Lo scorso venerdì si è tenuto il simposio di Jackson Hole, la tradizionale riunione di fine estate dei banchieri centrali e gli esperti di politica monetaria del mondo. Il presidente della Federal Reserve, Jerome Powell, non si è sbilanciato sulle prossime mosse di politica monetaria lasciando comunque intendere che è pronto ad intervenire in caso di rischi di rallentamento per l’economia domestica. Le attese del mercato per le parole di Powell erano altissime. Dopo la riduzione del costo del denaro di 25 punti base nell’ultima riunione dello scorso 31 luglio, le aspettative del mercato sono elevate, due tagli pieni da qui a fine 2019 e altri due nel 2020 secondo il consensus rilevato da Bloomberg. Le prossime decisioni della Fed terranno conto anche delle incertezze legate alla guerra commerciale che sembrano essere persistenti.
Occhio di riguardo anche all’Italia, dove l’attenzione del mercato rimane rivolta al fronte politico. Al termine delle consultazioni, il presidente Sergio Mattarella ha deciso di dare ai partiti fino a domani per cercare una nuova maggioranza formata da Partito Democratico e Movimento 5 Stelle che arrivi a fine legislatura come alternativa al ritorno alle urne. Notizia apprezzata dai mercati, sempre più convinti che la possibilità di nuove elezioni in autunno sia molto bassa.

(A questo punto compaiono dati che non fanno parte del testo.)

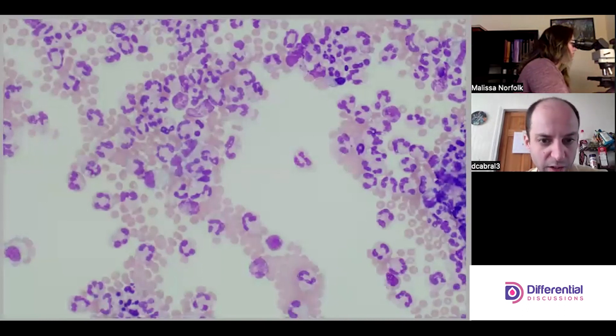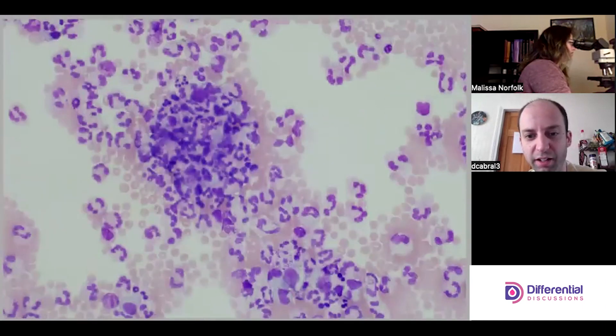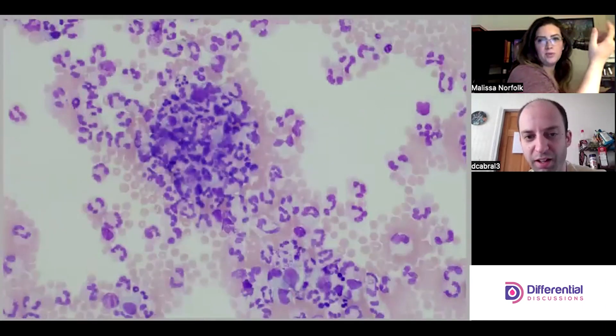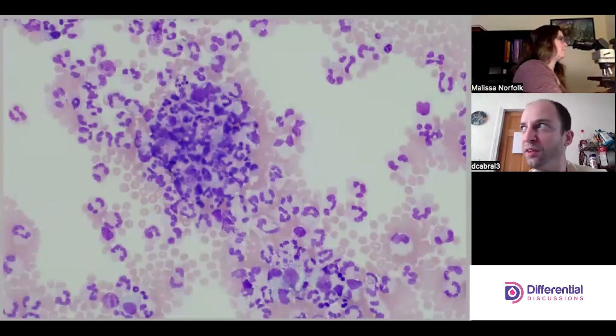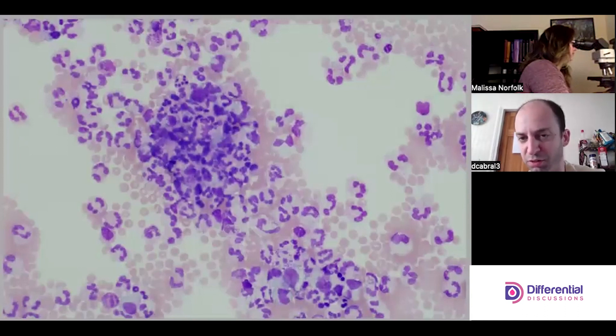We're still on 40x, so I'll drop down a little bit, but just so people can see — this is a giant clump of cells and it's really hard to actually see individual cells. We're not going to be able to see features and call them, and that's why we don't count the giant clumps. The ability to differentiate one cell from another just won't be there, so avoid those areas.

In questo contesto i trader hanno apprezzato i certificati legati al Ftse Mib. Il più scambiato nell’ultima settimana con 97 contratti e circa 1,8 milioni di euro di controvalore è risultato il Turbo Short (Isin NL0013408669) con scadenza breve, prevista per il 20 settembre 2019. Il prodotto presenta una leva attorno a 13,3 volte in virtù di un livello strike a 22.500 punti e distanza dal Knock Out di circa il 7%. Sulla stessa scadenza e sempre in ottica ribassista ha raccolto volumi importanti il Turbo Short (Isin NL0013684103) con Strike 21.500 punti e leva arrivata fino intorno a quota 32,3 volte (distanza dal Knock Out del 2,3%). Il controvalore è di circa 416 mila euro, con 83 contratti. Su scadenze più lunghe (20 dicembre 2019) è stato invece premiato con 77 scambi e volumi complessivi per 260 mila euro il Turbo Long (Isin NL0013492176) caratterizzato da uno strike a 19.500 punti e leva di 13,6 volte (distanza dal Knock Out del 7,3%).

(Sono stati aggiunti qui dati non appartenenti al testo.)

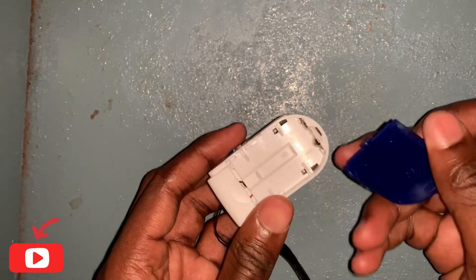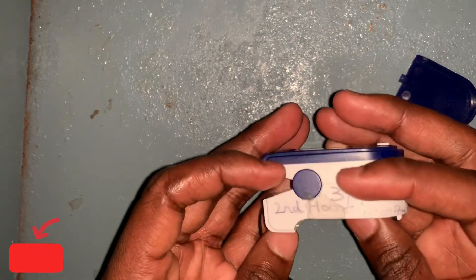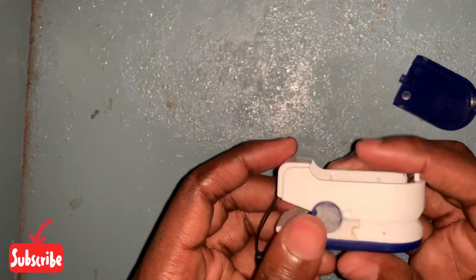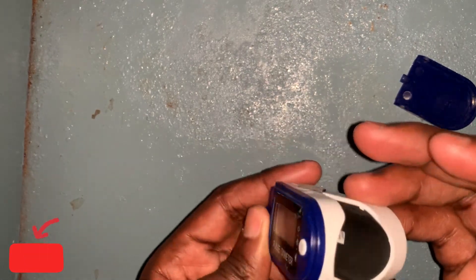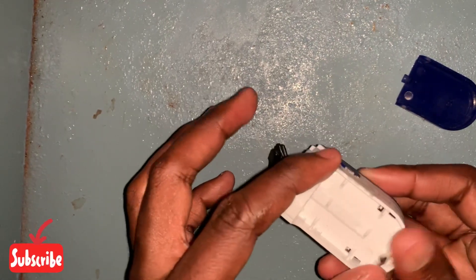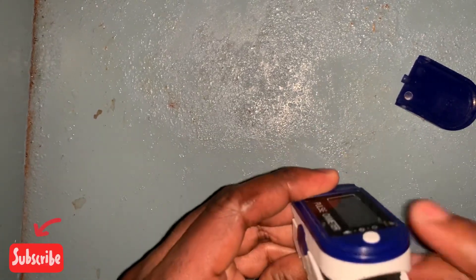This device uses battery cells and each battery cell is 1.5 volts, so in total it uses 3 volts. Here is the battery pack side and here is where you put your finger.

Le crescenti fluttuazioni delle Borse americane hanno invece esaltato le negoziazioni sul certificato Turbo Short (Isin NL0013684475) legato al Nasdaq 100. Il prodotto, con scadenza 18 dicembre 2019, ha un livello di Strike a 8.250 e di conseguenza negli ultimi giorni ha visto la leva posizionarsi intono a 25 volte. La distanza dal Knock Out è di circa il 3%. Ammonta a circa 411 mila euro il controvalore scambiato su questo prodotto, per un totale di 77 contratti.